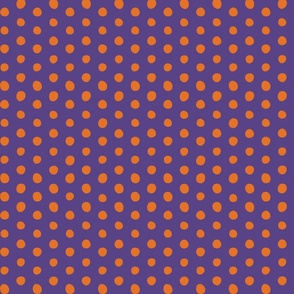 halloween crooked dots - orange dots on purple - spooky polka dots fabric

--

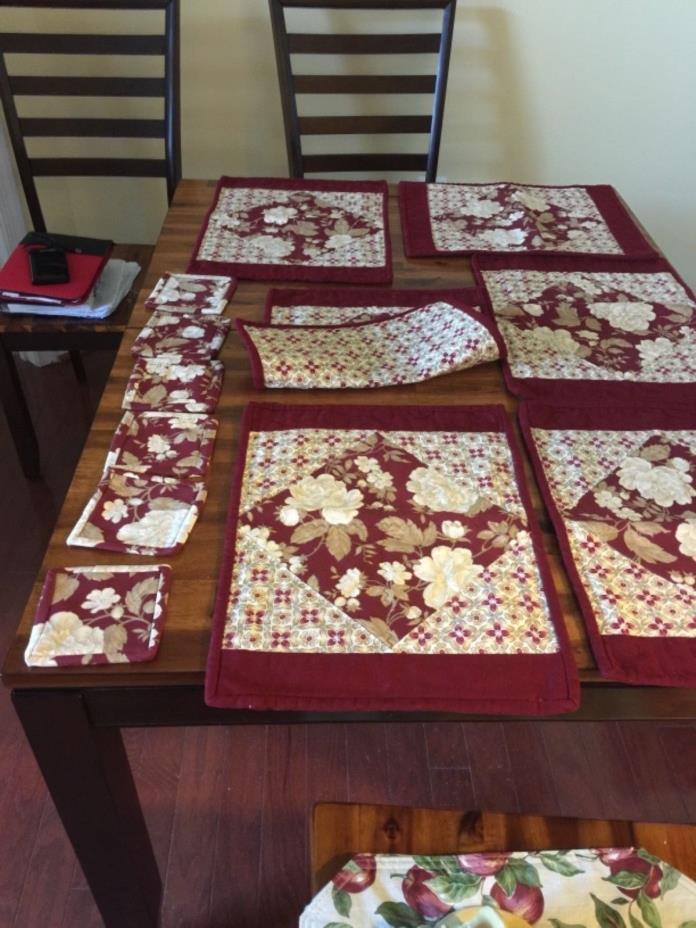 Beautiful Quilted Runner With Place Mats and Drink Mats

--

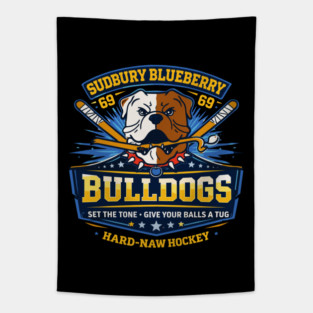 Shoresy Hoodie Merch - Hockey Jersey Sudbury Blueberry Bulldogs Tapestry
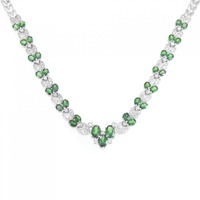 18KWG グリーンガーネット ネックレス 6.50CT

[ASSIGNMENT]:
Take only the lines above from the one that has "Shoresy Hoodie Merch" through the one that has "18KWG グリーンガーネット ネックレス 6.50CT" and reproduce them exactly, omitting any pictures.

[SOLUTION FOR THIS EXERCISE]:
 Shoresy Hoodie Merch - Hockey Jersey Sudbury Blueberry Bulldogs Tapestry
 18KWG グリーンガーネット ネックレス 6.50CT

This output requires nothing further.